Dear Friends,
I’ve just finished a 12 hour drive that included a trip over an icy and snowy Sierra-Nevada divide, and I’ve got a dinner to get to, so I need to make this short and sweet. Because I’m really tired and hungry. So this will be more like a quick reminder of how gracious God really is.
Imagine. To have done dark and terrible deeds and to have them exposed. To lose one’s job and livelihood overnight—and forever. To have it be the case that the deeds require something like vocational capital punishment in the field in which you work—molding the minds of children. The shock, the realization that what you thought hidden is now in plain sight. To hear the words “Thou art the man!” (2 Sam.12:7)

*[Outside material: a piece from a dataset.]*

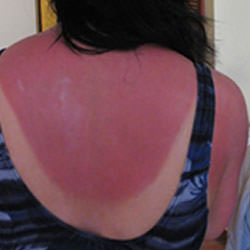 a sunburned person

The ultimate moment of testing.
Dishearteningly, if you read my Wednesday newsletter, you might remember that this week a young man failed the test. He responded, “I am not the man!” But he was, in fact, the man. And I do not write this to pile on his misery. I write this to encourage all of us—you and me included—to remember something it is so easy to forget. An obvious thing that we forget.

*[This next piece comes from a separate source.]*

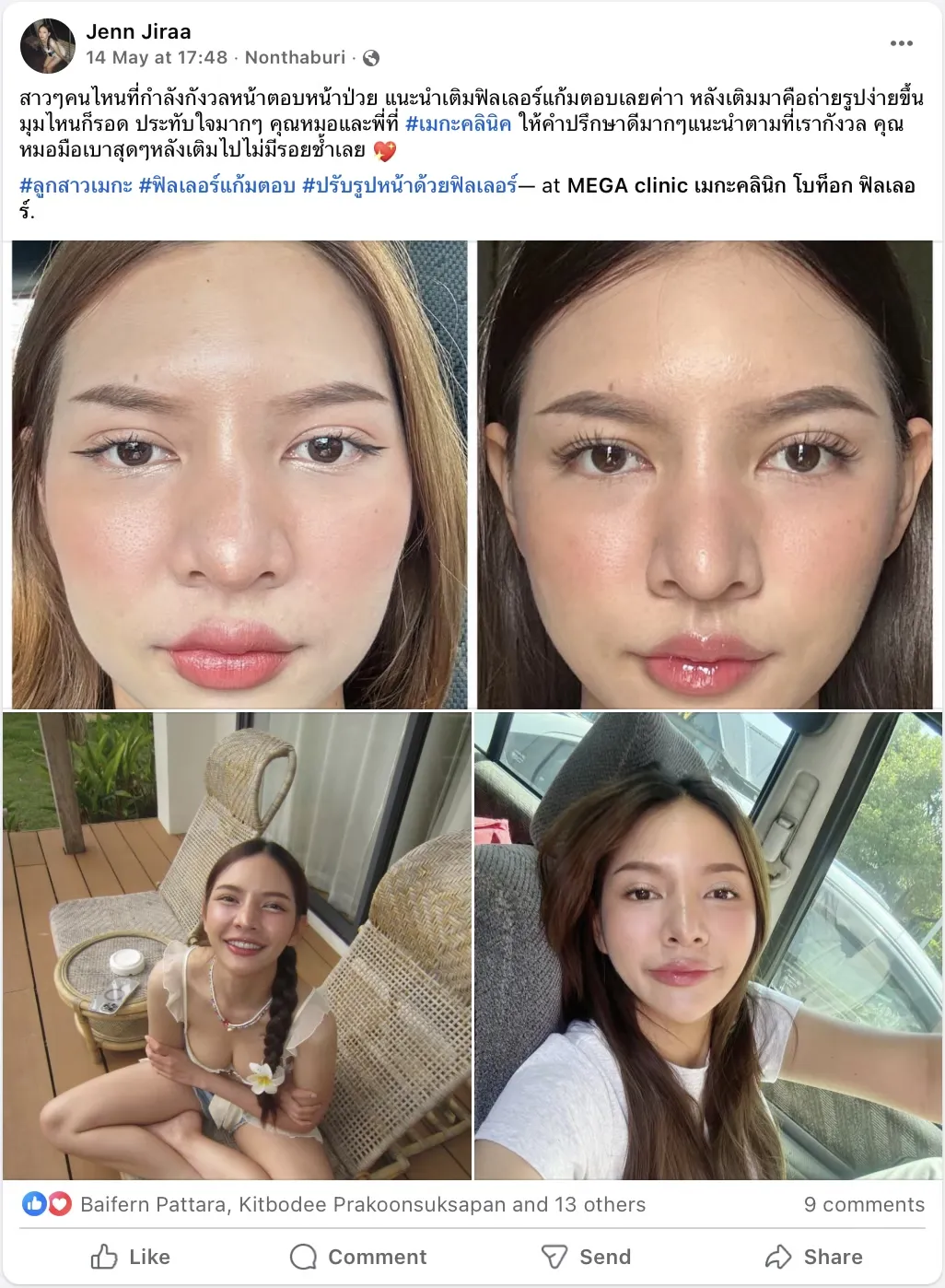 ฟิลเลอร์แก้มตอบรีวิว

It is so very like Lewis’s The Silver Chair, when Aslan tells Jill Pole all of the important signs to remember. He tells her that when she descends from the mountaintop into Narnia, the air is thicker down there and her head will get foggy. She will have trouble remembering the signs. We are like that, too. We know the good news of Jesus Christ. We know what it entails. And at the moment of testing, it is prone to simply slip our minds. And it is at this very moment, this crucible, that we see what Jesus meant when he said:
If anyone would come after me, he must deny himself and take up his cross and follow me. For whoever wants to save his life will lose it, but whoever loses his life for me will find it (Matt.16:24-25).
Repentance is death. That is what it feels like. Even physically. We try to save our lives. If I own up to this, if people knew about this, then my life is over! Jesus says that there is only one way of saving your life. To deny yourself and to take up the instrument of crucifixion—that is: be slain.
“I am the man!”
That seems so impossible. And that is why, friends, we seem to live in a day and age in which nobody can ever seem to really apologize.

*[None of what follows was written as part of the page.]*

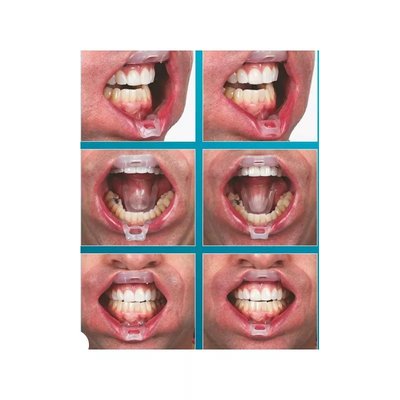 Umbrella Large- retraktor do ust, policzków i języka 5szt UP 5256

But that “be slain!” done for the sake of Christ, to acknowledge the truth of God’s evaluation of us, to repent in dust and ashes, to say “I am the man!” is the only way to life. Because the one who slays us with the truth about ourselves is the one who raises the dead and forgives sins. Did you hear that? FORGIVES SINS! Hallelujah! And he does so because HE was slain for those very sins.
Oh, it truly breaks my heart to hear the professing Christian say, “I am not the man!” when he is, in fact the man. Cast yourself on the mercy of God in Christ! The exposure of sin is so brutal, so “death-like,” his judgments are so severe; but they are a severe mercy. I hope that young man comes to know that this affair was not his condemnation, but God’s astounding mercy—to not let him go the way of damnation, but to mercy and glory.
I am typing this on my phone and traveling and do not have the time to pull up just now a passage from Herman Bavinck. It is on the final two pages of his section called “The Judgment of Sin” in Volume 3 of his Dogmatics. Paraphrased: He says it is a far better thing to fall into the hands of the living God than into the hands of men. Because when men judge, they do so harshly with no hope in their condemnation. But God is merciful when men are not. They would grind you down to nothing and treat you like an animal. But God is rich in mercy. He convicts not to “cancel” you, but to save you.
If you ever happen to be “the man!” acknowledge it and throw yourself upon the merciful one. It feels like death.
Take up your cross and lose your life. Because he raises the dead.
Thanks for reading this week! I hope you have a wonderful weekend.